Rey Anthony Chiu
TAGBILARAN CITY, Bohol July 20, 2012 (PIA) – Keeping off a repeat of an incident when communist terrorists overtook a Bohol camp without a single fire by disguising as friendly forces, Army Special Forces have recommended a ban on unauthorized use of military uniforms by civilians.
The recommendation is based upon intelligence reports that an undetermined number of military uniforms have been smuggled to Bohol, its use not really intended for the government forces, said 802nd Brigade Commander Colonel John Bonafos.
At the Provincial Peace and Order Council (PPOC) Meeting held at the 2nd SF Battalion Headquarters in Riverside Bilar, July 17, SF Commanding officer Lt. Colonel Romeo Brawner bared the recommendation as among the two which the army internal security operators see as a potential entry point for the abusive terrorists.
The other recommendation is a ban on ambulant vendors selling their wares without the necessary clearances and permits from concerned government authorities.
It may be recalled that more than a hundred rebels seized a police detachment in Rizal, Batuan without a single shot being fired.

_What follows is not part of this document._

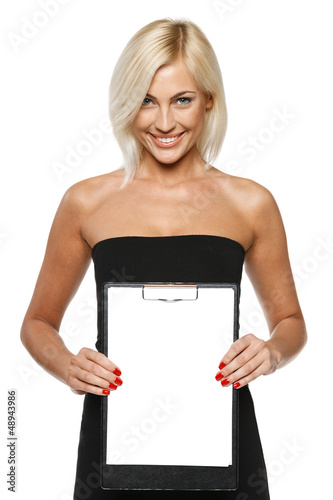 Photo: Smiling woman standing showing white paper clipboard Smiling woman standing showing white paper clipboard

The terrorist rebels then came to the camp in vans with Department of the Interior and Local Government markings, and the men dressed as PNP troopers bringing in a captured guerrilla.
Also alighting from the van was a guerrilla in a barong tagalong, accompanied by three smartly dressed women—all looking like government officials.
Another guerrilla was accordingly in a police major’s uniform, and was even saluted by the guards.
Too late did the police members of the Regional Mobile Group realize the men who arrived were enemies dressed as police men.
Dead set on making an impression of their return to Bohol, returning terrorist rebels could also use the same ploy in taking a military camp or simply dressing as a legitimate soldier and sow abuses so that blame is cast on government forces in uniform.
Military personnel should always wear their proper uniforms, including name cloth, patches, insignias and other decorations, Colonel Allan Martin adds, when asked how to identify impostors.
On the other hand, terrorist rebels could pose as ambulant vendors and gain access to areas in Bohol while in espionage mission.
Over the recommendation, Governor Edgar Chatto hinted that unless it does not contrast national laws, an appropriate resolution could emanate from the body.
Lawyer and newly installed Regional Trial Court Judge Raul Barbarona cited Article 88 in the Revised Penal Code which penalizes the unauthorized use of uniforms as a possible basis for the recommendation. (30)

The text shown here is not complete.